Quanto mais caquinhos encontrarmos, melhor será a precisão do suposto artefato.
Cada pequeno vestígio dá uma conformação melhor ao objeto todo, por menor que
seja. Quase todos os primeiros filósofos são como esses pequenos pedaços, mas
quando você olha para Parmênides, percebe que a meia dúzia de fragmentos que
ele deixou é um dos pontos de inflexão mais expressivos da história da
filosofia. Naqueles poucos versos que nos restaram aparece uma concepção
absolutamente original sobre a metafísica das essências, aquela ideia de
permanência que torna as coisas identificáveis e associáveis a qualquer tempo e
em qualquer lugar. E Parmênides, com as poucas palavras que restaram de seu
patrimônio, influencia a metafísica até hoje.
Não vou dizer que o Comercial teria mudado o futebol
paulista se sua história fosse mais bem conhecida. Não vou dizer que haveria
títulos mudando de mãos, ou que regras diferentes seriam adotadas, ou se uma
lógica distinta no mercado de jogadores seria implantada. Mas a história do
Comercial é tão única que nos evidencia algo muito nosso: o quanto cuidamos mal
de nosso passado. Gostamos das glórias, e elas são boas, é verdade.

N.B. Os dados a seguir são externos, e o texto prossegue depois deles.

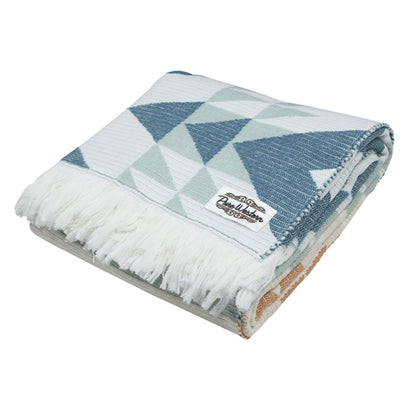 Pure Western Ellery Blanket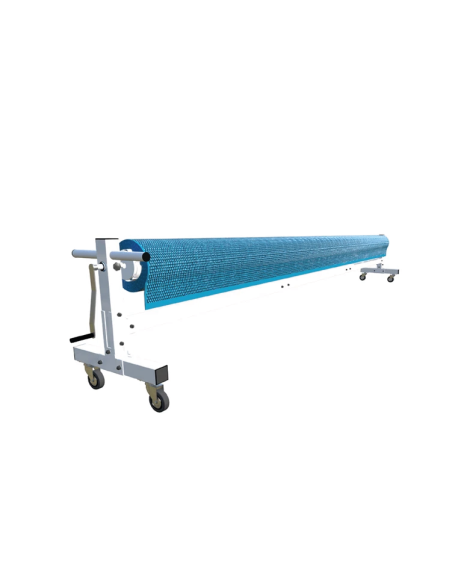 Enrollador Big Thermal 70 para manta térmica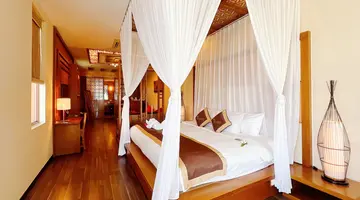AROMA BEACH RESORT & SPA
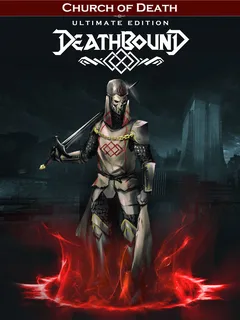 Deathbound - Ultimate Edition cover image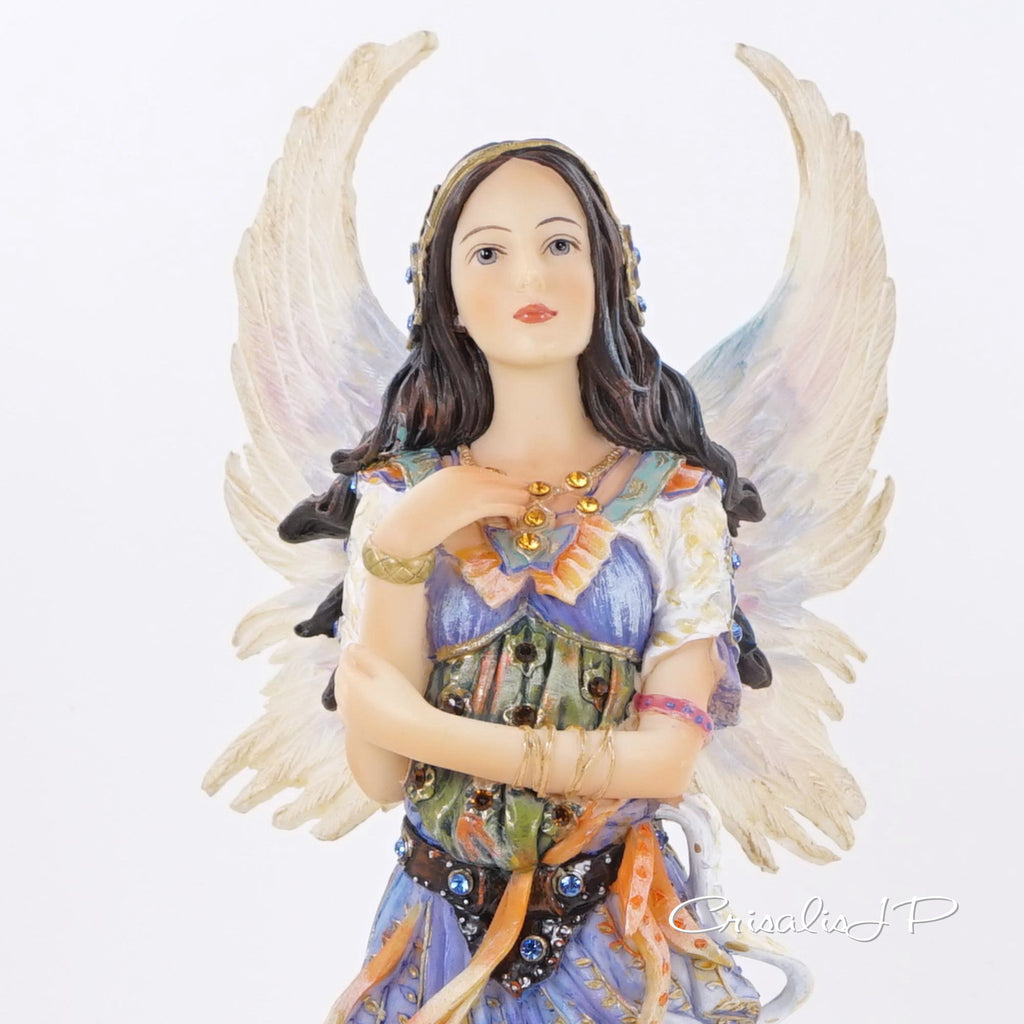 Crisalis Collection★ Angel of Comfort (1-2090) 10% OFF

Mas as
escórias também existem, e fazem diferença. O Comercial não deveria ser tão
fantasmagórico quanto é, porque lá passaram craques como Nardo, Alan, Gino
Orlando e Dino Sani, este último campeão mundial em 1958, consagrado no trio de
ferro da capital. Foi fundado em 1939 a partir da desistência do Luzitano em
participar dos campeonatos da APEA, e estava lá quando a Federação Paulista foi
fundada, participando dos campeonatos até 1961, quando a criação dos acessos e
rebaixamentos colocou o time na última divisão de então. Fundiu-se por um
período com o São Bento de São Caetano, e isso é tudo o que temos de sua
história, porque não há mais onde buscar informações.
E, para além de qualquer utilidade, é como minha partezinha
armênia, que eu sei agora existir, mas não sei de onde veio. Não me serve para
nada, não fará com que eu ganhe um único dia de vida, não aumentará meu saldo
bancário em um único cruzado, não mudará meu arroz-com feijão diário, mas traz
tempero. Muda minha história, as histórias que contarei para meus filhos e
netos, e me ensina um pouco mais sobre mim mesmo. Deveria ser assim com o
Comercial, e ainda que não tenhamos mais como resgatar seu ferro-velho, que
tenhamos aprendido uma lição e não deixemos de lado nossa história, para não
nos lamentarmos depois e dizermos que nos mesmos fomos esquecidos. Bons ventos
a todos!
Recomendações:
Um curta-metragem precioso que resgata um mínimo dos registros
históricos do Comercial e de alguns dos personagens que chegaram a conhecê-lo.
COMERCIAL F.C. – A EQUIPE FANTASMA. Direção: Ugo Giorgetti.
São Paulo: SescTV, 2014. HD.
Este livro é uma coletânea das estatísticas do Comercial,
sem grandes informações narrativas, mas com dados importantes para se
compreender o tamanho do clube. Está disponível no Museu do Futebol.
DIOGI, Júlio B.; STELLA Jr, Rodolfo. Comercial: Histórico
Estatístico do Comercial Futebol Clube. São Paulo, 2016.